══ Data for this exercise
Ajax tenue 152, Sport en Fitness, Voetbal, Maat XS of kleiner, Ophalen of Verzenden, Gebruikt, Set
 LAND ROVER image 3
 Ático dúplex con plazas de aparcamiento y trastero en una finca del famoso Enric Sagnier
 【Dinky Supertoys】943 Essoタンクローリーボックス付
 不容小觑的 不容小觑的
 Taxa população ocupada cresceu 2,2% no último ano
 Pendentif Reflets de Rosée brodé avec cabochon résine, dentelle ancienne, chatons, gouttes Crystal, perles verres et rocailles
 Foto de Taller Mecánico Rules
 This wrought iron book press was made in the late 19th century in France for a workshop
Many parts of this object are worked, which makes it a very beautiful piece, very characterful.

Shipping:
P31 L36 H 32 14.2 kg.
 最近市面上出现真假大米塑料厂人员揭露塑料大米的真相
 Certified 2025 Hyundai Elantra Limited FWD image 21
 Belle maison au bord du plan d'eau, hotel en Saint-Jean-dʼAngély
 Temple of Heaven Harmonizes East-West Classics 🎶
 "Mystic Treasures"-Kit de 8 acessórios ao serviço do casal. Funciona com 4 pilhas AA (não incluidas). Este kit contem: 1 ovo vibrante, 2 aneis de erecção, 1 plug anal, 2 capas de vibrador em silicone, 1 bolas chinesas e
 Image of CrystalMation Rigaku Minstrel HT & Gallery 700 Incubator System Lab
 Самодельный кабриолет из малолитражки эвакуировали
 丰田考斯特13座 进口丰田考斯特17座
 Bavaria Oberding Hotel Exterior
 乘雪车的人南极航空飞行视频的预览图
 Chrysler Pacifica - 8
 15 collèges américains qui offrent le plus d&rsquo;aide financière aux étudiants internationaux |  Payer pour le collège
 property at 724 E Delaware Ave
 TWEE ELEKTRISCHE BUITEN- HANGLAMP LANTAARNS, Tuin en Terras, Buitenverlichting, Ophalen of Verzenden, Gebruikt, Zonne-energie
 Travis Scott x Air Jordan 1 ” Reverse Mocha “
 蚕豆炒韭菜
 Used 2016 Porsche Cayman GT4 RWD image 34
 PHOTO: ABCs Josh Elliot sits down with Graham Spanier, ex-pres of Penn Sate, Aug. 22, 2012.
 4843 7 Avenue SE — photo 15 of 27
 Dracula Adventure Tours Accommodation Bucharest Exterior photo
════
What you will do:
Provide an exact transcript of the lines from the one that holds "4843 7 Avenue SE — photo 15 of 27" through the final line of the data above.

Exercise solution:
 4843 7 Avenue SE — photo 15 of 27
 Dracula Adventure Tours Accommodation Bucharest Exterior photo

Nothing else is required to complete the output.